In a YouTube video filming the Thrust SSC taking off, Green explained the conditions on the day: "When there's a car going at 700 mph, the car moves around more the faster you go, the wheels with skim across the surface, there's gusts of crosswind and the wheels are sliding around all over the track."

He continued: "I had to accelerate the car without it sucking up chunks of desert into the intakes."

The specially designed car reaches speeds of up to 700mph.
Wikimedia Commons/cmglee

"As I'm accelerating quicker through the 80, 90 miles per hour mark, I then had really strong airflow into the engines."

According to the Guinness World Records, Green described Thrust SSC at 500-700 miles per hour as 'a massive handful, bordering on uncontrollable'.

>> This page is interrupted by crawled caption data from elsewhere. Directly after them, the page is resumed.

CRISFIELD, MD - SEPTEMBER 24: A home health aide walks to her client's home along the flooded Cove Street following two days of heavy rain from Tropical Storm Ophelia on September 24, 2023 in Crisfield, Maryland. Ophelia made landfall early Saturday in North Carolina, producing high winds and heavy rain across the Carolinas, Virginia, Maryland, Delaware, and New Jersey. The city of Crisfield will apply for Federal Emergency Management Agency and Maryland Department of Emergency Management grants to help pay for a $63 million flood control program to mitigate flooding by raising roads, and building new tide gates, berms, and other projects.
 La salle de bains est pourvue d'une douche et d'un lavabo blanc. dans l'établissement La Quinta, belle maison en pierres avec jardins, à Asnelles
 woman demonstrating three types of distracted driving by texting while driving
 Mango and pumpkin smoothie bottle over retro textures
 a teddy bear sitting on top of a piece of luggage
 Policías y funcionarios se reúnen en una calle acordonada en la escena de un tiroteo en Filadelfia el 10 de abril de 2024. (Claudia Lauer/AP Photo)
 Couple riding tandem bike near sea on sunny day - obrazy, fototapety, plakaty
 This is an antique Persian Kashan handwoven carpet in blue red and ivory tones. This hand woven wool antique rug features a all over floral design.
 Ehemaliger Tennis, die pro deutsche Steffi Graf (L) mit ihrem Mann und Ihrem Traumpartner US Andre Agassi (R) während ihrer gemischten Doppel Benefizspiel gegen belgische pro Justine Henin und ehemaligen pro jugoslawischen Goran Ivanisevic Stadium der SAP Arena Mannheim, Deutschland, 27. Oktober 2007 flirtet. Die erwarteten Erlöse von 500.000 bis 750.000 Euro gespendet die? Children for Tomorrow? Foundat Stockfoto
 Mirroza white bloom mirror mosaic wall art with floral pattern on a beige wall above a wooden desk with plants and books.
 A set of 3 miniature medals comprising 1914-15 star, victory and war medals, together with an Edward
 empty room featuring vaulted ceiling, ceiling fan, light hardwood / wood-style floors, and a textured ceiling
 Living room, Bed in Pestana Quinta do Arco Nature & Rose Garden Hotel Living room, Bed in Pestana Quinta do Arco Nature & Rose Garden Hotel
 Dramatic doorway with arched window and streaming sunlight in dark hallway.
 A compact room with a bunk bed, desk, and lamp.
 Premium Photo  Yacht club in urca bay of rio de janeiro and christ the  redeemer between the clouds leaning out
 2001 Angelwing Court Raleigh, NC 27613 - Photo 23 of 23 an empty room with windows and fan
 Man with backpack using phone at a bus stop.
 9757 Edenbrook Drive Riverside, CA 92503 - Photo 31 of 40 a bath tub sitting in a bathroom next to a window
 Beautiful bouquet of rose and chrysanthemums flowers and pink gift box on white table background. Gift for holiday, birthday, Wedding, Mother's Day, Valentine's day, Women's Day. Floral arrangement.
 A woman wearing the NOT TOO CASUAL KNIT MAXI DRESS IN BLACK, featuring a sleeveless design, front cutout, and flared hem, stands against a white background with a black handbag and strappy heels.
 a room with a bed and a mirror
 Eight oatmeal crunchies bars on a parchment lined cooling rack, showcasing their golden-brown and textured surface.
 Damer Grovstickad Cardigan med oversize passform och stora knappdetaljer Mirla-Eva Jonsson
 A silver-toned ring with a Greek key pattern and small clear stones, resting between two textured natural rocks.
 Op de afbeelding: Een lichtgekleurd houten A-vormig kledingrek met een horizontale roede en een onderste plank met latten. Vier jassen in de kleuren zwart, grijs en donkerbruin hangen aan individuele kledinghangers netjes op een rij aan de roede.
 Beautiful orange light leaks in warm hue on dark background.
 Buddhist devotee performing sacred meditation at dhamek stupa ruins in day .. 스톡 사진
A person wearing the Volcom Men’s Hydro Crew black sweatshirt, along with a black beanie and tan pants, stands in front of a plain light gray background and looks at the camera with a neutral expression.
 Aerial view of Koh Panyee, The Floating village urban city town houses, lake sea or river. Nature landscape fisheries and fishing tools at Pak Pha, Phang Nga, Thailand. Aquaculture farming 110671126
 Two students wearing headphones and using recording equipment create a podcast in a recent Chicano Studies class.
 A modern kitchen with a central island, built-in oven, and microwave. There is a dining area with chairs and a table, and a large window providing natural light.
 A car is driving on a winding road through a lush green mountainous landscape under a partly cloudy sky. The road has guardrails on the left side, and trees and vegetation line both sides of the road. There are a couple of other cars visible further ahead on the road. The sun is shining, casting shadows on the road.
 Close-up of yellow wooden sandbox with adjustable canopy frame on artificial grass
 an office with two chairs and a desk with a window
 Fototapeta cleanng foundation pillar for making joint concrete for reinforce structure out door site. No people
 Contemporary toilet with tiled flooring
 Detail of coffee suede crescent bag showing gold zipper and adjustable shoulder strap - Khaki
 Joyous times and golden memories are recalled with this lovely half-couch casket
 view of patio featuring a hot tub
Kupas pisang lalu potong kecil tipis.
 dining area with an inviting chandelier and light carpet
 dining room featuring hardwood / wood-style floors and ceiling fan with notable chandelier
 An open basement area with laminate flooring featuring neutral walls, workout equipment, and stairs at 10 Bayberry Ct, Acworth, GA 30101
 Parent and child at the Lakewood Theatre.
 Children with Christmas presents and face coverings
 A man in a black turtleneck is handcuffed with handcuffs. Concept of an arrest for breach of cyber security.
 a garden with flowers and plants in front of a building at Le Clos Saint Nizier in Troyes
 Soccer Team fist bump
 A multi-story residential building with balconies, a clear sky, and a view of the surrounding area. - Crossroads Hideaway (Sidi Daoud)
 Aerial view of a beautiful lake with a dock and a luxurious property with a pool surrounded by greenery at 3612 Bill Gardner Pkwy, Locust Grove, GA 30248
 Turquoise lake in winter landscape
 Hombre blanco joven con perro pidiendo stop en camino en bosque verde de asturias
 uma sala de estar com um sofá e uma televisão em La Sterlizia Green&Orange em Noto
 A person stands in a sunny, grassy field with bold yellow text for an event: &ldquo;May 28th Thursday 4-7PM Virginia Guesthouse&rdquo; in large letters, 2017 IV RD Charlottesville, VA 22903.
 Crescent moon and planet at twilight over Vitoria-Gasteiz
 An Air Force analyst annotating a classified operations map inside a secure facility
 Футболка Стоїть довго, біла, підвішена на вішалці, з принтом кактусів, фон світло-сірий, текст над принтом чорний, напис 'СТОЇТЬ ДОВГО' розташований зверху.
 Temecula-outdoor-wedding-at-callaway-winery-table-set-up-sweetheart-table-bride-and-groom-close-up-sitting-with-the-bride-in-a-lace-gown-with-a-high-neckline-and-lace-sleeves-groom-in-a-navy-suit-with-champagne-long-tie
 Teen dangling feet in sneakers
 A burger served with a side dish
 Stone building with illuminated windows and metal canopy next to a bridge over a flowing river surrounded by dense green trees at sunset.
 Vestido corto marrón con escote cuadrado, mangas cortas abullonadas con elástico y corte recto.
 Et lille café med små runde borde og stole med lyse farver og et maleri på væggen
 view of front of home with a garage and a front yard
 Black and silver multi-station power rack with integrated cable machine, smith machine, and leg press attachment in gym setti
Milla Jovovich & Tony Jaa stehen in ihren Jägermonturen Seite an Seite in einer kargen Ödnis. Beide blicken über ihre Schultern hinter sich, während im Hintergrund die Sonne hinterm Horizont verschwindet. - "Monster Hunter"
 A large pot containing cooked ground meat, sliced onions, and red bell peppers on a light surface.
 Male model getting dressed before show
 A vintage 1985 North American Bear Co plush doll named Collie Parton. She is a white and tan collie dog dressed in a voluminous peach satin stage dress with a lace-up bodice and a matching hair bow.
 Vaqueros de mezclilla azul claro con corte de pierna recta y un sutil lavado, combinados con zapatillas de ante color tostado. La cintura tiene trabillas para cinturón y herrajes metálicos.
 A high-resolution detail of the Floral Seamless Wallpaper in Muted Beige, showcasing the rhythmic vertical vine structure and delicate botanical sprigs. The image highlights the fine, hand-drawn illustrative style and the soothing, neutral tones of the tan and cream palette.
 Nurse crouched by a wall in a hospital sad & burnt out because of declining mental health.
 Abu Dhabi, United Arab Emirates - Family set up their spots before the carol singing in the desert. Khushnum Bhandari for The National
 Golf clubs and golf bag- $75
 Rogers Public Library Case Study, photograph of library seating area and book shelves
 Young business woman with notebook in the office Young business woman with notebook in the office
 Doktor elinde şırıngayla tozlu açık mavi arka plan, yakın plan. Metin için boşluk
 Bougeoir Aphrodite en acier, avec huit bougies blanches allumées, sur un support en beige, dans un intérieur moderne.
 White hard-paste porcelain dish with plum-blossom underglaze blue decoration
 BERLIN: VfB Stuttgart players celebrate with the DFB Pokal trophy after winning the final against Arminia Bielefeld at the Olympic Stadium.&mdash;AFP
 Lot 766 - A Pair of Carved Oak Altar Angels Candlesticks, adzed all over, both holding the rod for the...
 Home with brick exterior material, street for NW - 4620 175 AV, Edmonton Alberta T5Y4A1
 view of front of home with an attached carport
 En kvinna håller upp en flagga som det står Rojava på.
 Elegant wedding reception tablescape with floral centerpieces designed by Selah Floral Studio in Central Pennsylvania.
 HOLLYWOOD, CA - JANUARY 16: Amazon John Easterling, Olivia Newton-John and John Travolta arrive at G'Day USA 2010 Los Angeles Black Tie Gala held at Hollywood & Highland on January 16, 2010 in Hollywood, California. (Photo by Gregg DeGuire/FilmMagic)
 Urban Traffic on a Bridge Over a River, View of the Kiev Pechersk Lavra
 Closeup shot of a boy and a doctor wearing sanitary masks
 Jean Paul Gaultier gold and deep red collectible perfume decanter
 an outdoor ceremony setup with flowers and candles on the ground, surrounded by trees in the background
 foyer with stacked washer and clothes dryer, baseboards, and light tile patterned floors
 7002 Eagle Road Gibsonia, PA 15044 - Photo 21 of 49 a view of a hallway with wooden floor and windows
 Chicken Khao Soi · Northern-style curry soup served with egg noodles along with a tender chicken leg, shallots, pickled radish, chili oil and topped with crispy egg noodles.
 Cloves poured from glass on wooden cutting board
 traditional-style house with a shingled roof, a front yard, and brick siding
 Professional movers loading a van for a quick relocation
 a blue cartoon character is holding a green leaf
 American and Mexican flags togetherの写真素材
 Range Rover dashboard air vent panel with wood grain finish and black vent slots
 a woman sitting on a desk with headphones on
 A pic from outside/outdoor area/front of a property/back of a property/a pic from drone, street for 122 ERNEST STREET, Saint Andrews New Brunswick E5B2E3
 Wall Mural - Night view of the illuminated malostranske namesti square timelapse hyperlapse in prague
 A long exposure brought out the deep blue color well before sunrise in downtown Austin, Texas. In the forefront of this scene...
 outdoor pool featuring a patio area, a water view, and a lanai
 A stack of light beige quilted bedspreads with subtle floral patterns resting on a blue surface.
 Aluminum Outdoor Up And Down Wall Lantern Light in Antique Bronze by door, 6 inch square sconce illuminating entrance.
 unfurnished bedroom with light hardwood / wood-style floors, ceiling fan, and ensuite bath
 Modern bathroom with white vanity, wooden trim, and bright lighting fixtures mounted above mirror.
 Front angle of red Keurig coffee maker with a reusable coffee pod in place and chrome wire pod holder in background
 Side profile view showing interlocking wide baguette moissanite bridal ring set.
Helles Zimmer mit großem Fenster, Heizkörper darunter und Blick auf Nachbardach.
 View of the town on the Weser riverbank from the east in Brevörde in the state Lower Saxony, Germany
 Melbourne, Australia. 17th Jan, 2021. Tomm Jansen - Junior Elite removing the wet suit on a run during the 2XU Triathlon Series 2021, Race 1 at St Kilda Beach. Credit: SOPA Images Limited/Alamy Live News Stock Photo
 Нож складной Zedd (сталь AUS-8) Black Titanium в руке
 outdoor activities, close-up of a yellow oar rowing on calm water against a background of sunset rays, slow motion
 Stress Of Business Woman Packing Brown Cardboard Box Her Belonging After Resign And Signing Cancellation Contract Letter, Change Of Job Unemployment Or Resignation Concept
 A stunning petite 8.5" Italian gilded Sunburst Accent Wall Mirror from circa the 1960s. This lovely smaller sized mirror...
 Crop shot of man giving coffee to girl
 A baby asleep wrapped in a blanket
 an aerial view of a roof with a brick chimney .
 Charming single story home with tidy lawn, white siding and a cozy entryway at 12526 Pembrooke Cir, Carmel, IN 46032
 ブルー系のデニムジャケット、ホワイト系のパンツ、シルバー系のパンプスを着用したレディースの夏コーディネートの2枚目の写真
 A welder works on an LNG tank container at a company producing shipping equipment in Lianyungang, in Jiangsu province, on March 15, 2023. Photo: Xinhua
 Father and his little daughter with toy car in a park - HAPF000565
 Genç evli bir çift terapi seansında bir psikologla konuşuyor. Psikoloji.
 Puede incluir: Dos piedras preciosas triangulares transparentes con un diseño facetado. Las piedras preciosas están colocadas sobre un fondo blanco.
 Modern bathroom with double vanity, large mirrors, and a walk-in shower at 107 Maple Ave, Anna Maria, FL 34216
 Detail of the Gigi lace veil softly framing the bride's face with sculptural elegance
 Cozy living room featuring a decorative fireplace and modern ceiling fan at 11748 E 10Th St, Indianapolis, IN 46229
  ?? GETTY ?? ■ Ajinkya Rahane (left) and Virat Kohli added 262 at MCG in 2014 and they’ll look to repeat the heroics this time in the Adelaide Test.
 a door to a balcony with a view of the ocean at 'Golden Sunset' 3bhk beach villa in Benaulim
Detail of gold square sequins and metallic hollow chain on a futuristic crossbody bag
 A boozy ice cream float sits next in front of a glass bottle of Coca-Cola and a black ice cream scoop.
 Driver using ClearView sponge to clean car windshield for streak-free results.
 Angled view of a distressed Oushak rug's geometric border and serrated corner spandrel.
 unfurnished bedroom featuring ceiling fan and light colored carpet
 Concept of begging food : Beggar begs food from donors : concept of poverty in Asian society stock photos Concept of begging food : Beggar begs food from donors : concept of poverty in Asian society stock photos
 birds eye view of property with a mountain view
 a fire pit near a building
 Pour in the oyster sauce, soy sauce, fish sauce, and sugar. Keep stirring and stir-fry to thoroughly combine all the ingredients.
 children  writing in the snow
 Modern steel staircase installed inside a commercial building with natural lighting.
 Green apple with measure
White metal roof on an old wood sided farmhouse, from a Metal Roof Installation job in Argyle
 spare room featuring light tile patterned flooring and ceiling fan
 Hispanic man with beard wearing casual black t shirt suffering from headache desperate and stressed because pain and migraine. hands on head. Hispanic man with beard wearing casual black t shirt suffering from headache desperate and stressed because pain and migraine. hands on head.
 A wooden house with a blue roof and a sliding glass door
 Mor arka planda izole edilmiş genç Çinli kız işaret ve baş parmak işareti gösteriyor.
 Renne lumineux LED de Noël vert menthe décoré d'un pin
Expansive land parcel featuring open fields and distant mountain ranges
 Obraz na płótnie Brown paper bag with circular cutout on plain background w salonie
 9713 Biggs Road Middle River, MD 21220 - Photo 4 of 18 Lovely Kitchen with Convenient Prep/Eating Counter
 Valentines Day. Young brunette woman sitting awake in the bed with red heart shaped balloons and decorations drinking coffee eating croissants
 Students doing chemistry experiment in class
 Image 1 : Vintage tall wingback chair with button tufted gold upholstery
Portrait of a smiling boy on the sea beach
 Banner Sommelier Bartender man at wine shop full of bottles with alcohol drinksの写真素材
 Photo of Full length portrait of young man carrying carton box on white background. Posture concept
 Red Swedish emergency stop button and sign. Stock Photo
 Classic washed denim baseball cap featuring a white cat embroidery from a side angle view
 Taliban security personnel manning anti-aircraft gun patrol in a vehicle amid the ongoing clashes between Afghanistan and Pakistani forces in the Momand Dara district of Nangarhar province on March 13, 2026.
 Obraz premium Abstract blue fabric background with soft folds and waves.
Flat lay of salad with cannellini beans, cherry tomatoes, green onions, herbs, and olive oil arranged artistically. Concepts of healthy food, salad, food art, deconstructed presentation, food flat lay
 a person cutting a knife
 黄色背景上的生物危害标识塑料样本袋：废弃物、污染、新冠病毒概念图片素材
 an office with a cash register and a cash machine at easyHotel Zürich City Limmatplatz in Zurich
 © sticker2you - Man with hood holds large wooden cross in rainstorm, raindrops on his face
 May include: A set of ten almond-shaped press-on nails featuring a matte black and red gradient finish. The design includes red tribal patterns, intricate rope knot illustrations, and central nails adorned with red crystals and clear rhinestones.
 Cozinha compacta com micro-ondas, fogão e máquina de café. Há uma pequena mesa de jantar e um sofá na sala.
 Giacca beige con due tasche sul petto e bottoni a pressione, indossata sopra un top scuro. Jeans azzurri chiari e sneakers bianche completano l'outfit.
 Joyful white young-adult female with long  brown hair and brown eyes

“The two huge booms that rang out over the site during Andy’s outward and return run sent his crew into spontaneous cheers – though because he was actually inside the vehicle that caused those sonic booms, he couldn’t hear them himself,” the Guinness World Records further explained.

“Green had driven faster than any other person in history. What’s more, his record-breaking ride came 50 years and one day after the sound barrier was first broken, by Chuck Yeager (USA) in a rocket plane, the Bell X-1.”

The car was able to break the sound barrier.
Photo by David Madison/Getty Images

As the only car to ever break the sound barrier, the Thrust SSC is now considered a part of history and is on display in Coventry Transport Museum in Coventry, England, where it can be viewed by sports and science enthusiasts alike.

Although the car was truly one-of-a-kind, and it's highly unlikely we'll ever see that kind of speed ever reached again, there are other supersonic projects in place, such as the revolutionary submarine being created by the US Navy.